Обо многом я молчу, потому что не хочу сбивать людей с толку, и бываю доволен, если они радуются там, где меня берет досада.

Все, что освобождает наш дух, но не дает нам власти над самими собой, пагубно.

В произведении искусства людей интересует более «что», нежели «как», потому что первое они могут постичь в подробностях, а второе недоступно им и в целом. Отсюда - извлечение отдельных мест; впрочем, при должном внимании в конце концов почувствуют и воздействие целого, но только безотчетно.

Вопрос: «Откуда поэт это взял?» - также относится только к «что»; о том, «как», задавший его ничего не узнает.

Манерное - это неудавшееся идеальное, субъективно переданное идеальное; поэтому ему не обойтись без острословия.

Филолог живет связностью дошедшего в рукописи. В основе рукописного предания лежит манускрипт, в нем встречаются и настоящие лакуны, и описки, создающие лакуны смысла, и все прочие изъяны, какие только могут быть в манускрипте. Но вот находится второй, третий список, их сличение помогает все лучше разглядеть в рукописном предании разумный смысл. Но филолог идет дальше, он добивается, чтобы его внутреннее чутье без внешних вспомогательных средств научилось все глубже постигать и наглядно представлять связный смысл разбираемого текста. Так как для этого необходимо обладать сугубым тактом и сугубо углубиться в творения давно усопшего автора, а также иметь хотя бы некоторую долю творческой фантазии, то нельзя упрекать филолога, если он возьмет на себя смелость судить и в вопросах вкуса, - что, впрочем, далеко не всегда ему удастся.

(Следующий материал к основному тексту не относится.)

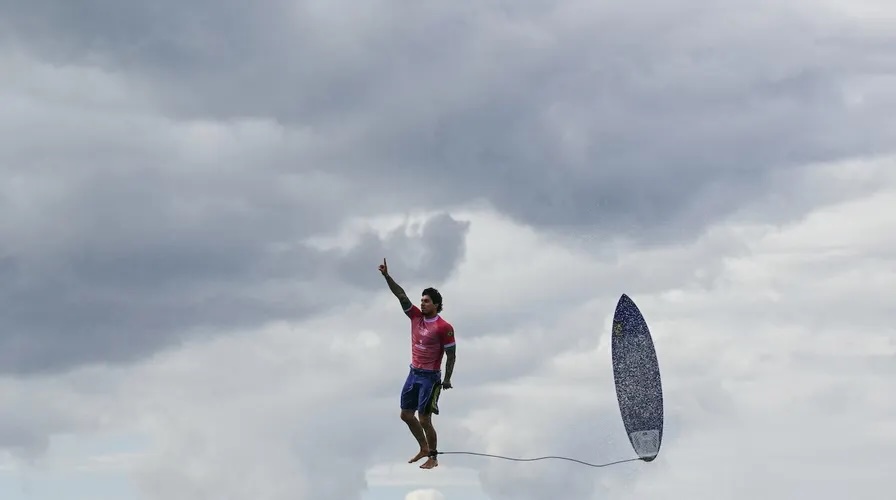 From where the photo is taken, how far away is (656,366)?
45.6m

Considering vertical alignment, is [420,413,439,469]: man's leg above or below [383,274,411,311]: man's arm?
below

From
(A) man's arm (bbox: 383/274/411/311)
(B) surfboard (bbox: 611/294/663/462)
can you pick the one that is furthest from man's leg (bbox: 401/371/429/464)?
(B) surfboard (bbox: 611/294/663/462)

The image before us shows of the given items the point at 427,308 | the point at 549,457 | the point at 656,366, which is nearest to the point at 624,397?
the point at 656,366

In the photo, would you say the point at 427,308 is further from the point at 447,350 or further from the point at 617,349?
the point at 617,349

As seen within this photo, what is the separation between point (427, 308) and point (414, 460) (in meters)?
4.64

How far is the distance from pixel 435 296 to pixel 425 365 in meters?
2.25

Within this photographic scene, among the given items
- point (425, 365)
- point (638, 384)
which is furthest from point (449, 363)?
point (638, 384)

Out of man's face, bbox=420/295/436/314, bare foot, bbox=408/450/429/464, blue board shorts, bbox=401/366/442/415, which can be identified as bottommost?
bare foot, bbox=408/450/429/464

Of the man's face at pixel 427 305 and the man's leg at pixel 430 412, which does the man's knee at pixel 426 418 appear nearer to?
the man's leg at pixel 430 412

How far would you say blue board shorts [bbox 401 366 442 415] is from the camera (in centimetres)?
3588

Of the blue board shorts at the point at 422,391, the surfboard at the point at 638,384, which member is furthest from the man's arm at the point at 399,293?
the surfboard at the point at 638,384

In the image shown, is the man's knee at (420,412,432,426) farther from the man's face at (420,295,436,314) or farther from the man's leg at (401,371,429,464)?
the man's face at (420,295,436,314)

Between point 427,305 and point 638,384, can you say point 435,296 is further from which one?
point 638,384

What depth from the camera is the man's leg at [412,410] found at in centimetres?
3619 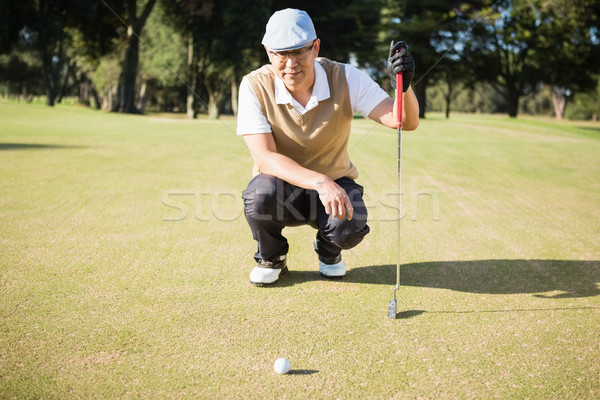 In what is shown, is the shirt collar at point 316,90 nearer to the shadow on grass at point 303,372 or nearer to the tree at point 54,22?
the shadow on grass at point 303,372

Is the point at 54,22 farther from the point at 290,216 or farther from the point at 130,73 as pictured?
the point at 290,216

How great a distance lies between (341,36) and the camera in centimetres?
4472

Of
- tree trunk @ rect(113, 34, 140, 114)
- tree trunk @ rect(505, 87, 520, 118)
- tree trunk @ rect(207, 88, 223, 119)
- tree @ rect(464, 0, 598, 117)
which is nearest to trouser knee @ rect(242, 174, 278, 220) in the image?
tree @ rect(464, 0, 598, 117)

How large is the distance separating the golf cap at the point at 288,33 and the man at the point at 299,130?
1 cm

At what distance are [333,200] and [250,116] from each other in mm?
973

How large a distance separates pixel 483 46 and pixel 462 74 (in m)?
2.97

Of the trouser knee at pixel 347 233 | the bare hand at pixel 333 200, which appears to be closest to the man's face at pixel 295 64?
the bare hand at pixel 333 200

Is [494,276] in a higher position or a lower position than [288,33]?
lower

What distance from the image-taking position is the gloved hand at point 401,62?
3.65 meters

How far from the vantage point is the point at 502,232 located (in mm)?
5848

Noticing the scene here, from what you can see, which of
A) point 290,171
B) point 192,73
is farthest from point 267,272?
point 192,73

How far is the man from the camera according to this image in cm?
385

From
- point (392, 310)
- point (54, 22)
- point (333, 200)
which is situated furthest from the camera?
point (54, 22)

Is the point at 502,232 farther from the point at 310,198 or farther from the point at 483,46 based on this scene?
the point at 483,46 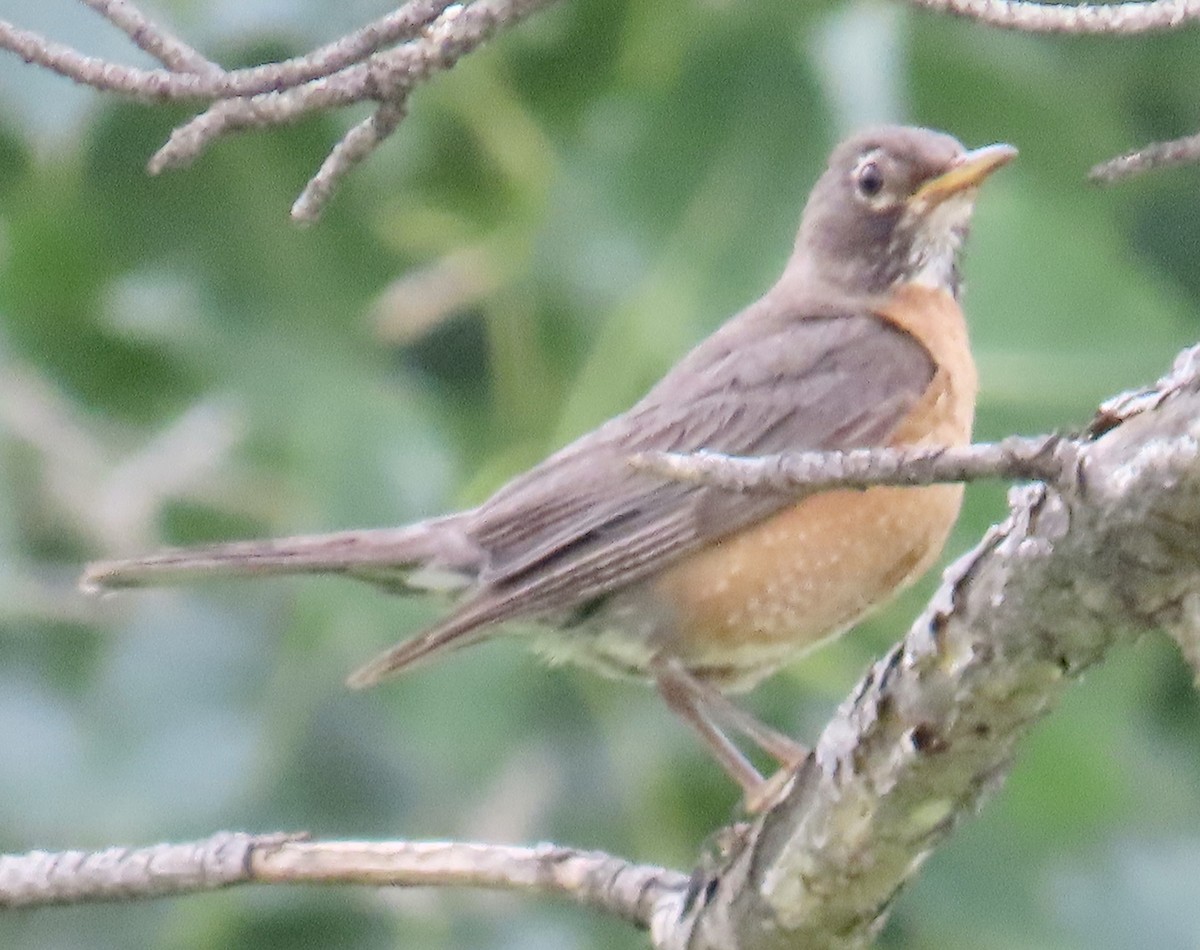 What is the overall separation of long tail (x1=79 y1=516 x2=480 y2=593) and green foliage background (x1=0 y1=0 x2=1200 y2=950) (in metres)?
0.40

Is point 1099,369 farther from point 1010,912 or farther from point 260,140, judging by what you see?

Поэт живет изображением. Самое совершенное изображение - то, которое спорит с действительностью; такое бывает, когда дух столь живо ее описывает, что эти описания могут стать для каждого насущно-зримыми. Поэзия, когда она достигает высочайшей вершины, кажется внешней - и только; чем больше она сосредоточивается на внутреннем, тем дальше заходит по пути упадка. Та поэзия, которая изображает одно только внутреннее, не воплощая его во внешнем или не давая возможности ощутить внешнее сквозь внутреннее, опускается до последних ступеней, с которых переходит уже в обыденную жизнь.

Искусство красноречия живет всеми привилегиями поэзии, всеми ее правами; завладев ими, оно ими злоупотребляет, чтобы достигнуть внешних, нравственных или безнравственных, сиюминутных выгод в гражданской жизни.

Литература есть только фрагмент фрагмента; записывается ничтожная доля того, что произошло и было сказано, сохраняется ничтожная доля записанного.

Талант, развивавшийся во всей своей природной подлинности и величии, хотя и необузданный и угрюмый, - таков лорд Байрон; поэтому едва ли кто-нибудь может с ним сравниться.

Истинная ценность так называемых народных песен - в том, что мотивы их заимствованы непосредственно у природы. Но и образованный поэт мог бы воспользоваться той же выгодой, если бы понимал ее.

Впрочем, народные песни всегда имеют то преимущество, что естественный человек, не в пример образованному, умеет быть лаконичным.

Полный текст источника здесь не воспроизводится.